I remember my keys as I’m running downstairs to the cab.
It happens to the best of us.

I always give myself an hour to get to Abu Deis. Before Qalandia Checkpoint, the Wall, settler roads and unmanageable traffic, the trip used to take up to 30 minutes at most, 35 if you stopped in the old city in Jerusalem to buy ka’ak and falafel (totally worth the extra time).

After passing numerous awful drivers and potential flying checkpoints I am faced with two roads; the road less taken is wide, pretty, and, most notably, forbidden. The forbidden road leads to Jerusalem, and if I take it, a lot of unpleasant things will happen, including bullets. I take the other one.

Here is your first tip: unless you have an Israeli car with a yellow license plate, always take the other road.

The Dead Zone

Abu Deis, once a suburb of Jerusalem, might have been beautiful at some point. Today, the orphaned town stumbles between the Wall and painfully narrow alleyways. It has no services, since neither government wants to claim it. It also has a high percentage of crime and family feuds. The university has shut down twice this year as a result of disputes and killings.
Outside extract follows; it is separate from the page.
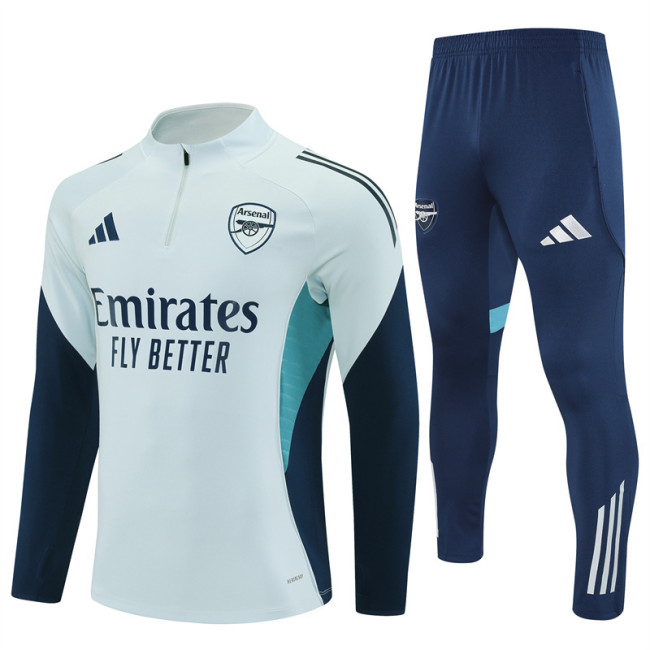 2526 Arsenal Light Grey 1/4 Zipper Player Training Suit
My students mostly come from Abu Deis or areas around it. The room for a social life or extra curricular activities is very limited. Moreover, they are locked up in tiny areas with very little space. When I ask them to free write in class, or imagine being alone on a mountain, they stare at me like I’m speaking in another language.

Second tip: don’t assume. Slowly walk your students towards freedom of thought.

Three-ring Circus

I never knew this kind of love before.

Since we take a liberal education approach, our class size doesn’t exceed 20 students, who all sit around a table. When you walk into the class you see everybody: women in colourful veils with little earrings sitting where the pin needs to be, young men in printed shirts saying things like “FBI: Female Body Investigators”, “God” or “Revolution”, nail polish in crazy red and backcombed hair.

The thing about being 18 is how funny everything is. It doesn’t take much to make them laugh or get embarrassed. The class erupts in sudden laughter every time somebody says something outrageous. It’s even funnier when I laugh instead of trying to bring back order. There is something so gratifying about their laughter; the way their bodies move despite themselves and then how they try to kill the joke.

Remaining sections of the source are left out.